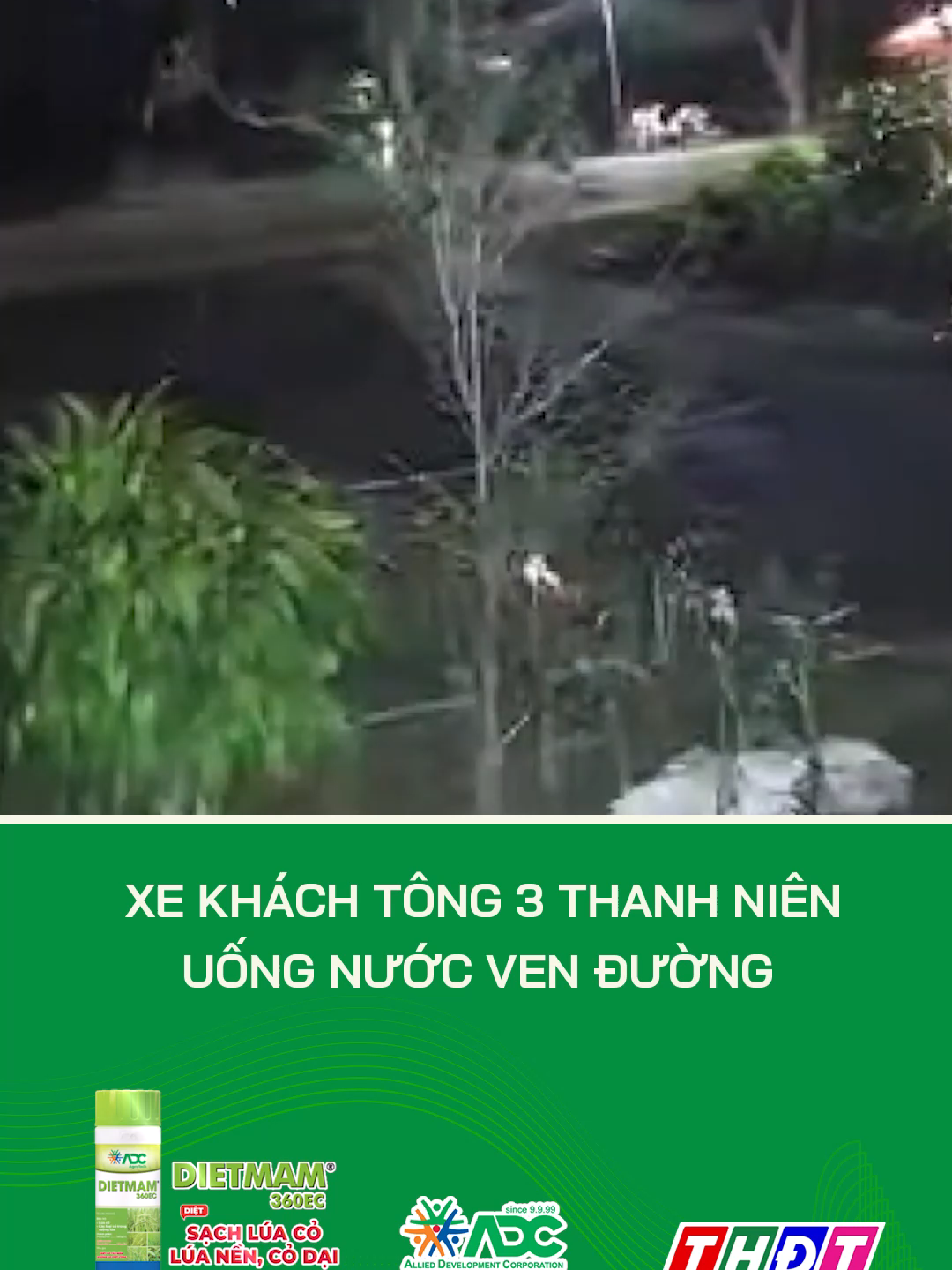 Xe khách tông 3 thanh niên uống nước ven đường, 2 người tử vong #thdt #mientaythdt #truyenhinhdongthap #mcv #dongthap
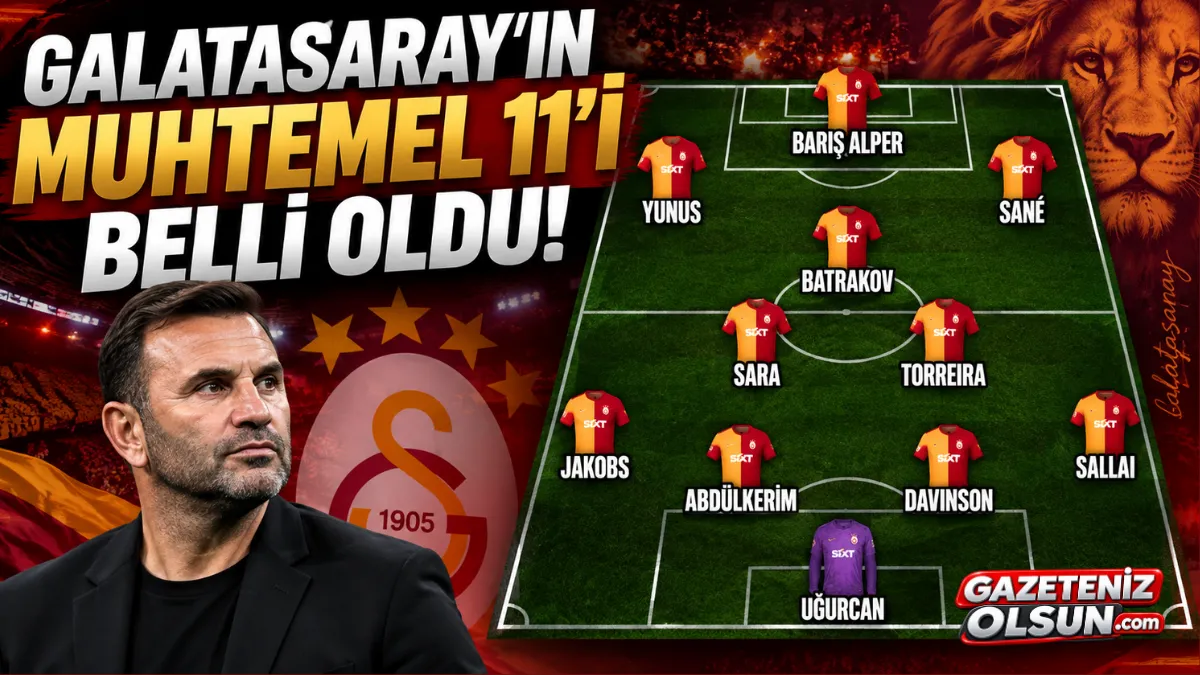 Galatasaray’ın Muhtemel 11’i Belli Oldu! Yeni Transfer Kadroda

- - - - -

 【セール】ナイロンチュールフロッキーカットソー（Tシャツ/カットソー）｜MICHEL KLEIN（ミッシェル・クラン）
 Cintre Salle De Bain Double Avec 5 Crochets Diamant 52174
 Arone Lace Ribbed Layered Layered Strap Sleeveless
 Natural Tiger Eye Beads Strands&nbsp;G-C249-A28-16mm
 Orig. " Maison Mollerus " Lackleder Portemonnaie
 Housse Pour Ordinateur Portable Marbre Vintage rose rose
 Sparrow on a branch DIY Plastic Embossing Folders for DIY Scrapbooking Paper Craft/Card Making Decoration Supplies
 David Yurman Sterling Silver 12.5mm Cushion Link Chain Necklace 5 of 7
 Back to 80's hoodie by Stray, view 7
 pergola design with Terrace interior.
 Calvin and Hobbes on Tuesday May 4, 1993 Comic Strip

- - - - -

Out of the material above, output word for word the line with "Natural Tiger Eye", the line with "Calvin and Hobbes", and all lines between them, with nothing else.

_OUTPUT OF THE EXERCISE_.
 Natural Tiger Eye Beads Strands&nbsp;G-C249-A28-16mm
 Orig. " Maison Mollerus " Lackleder Portemonnaie
 Housse Pour Ordinateur Portable Marbre Vintage rose rose
 Sparrow on a branch DIY Plastic Embossing Folders for DIY Scrapbooking Paper Craft/Card Making Decoration Supplies
 David Yurman Sterling Silver 12.5mm Cushion Link Chain Necklace 5 of 7
 Back to 80's hoodie by Stray, view 7
 pergola design with Terrace interior.
 Calvin and Hobbes on Tuesday May 4, 1993 Comic Strip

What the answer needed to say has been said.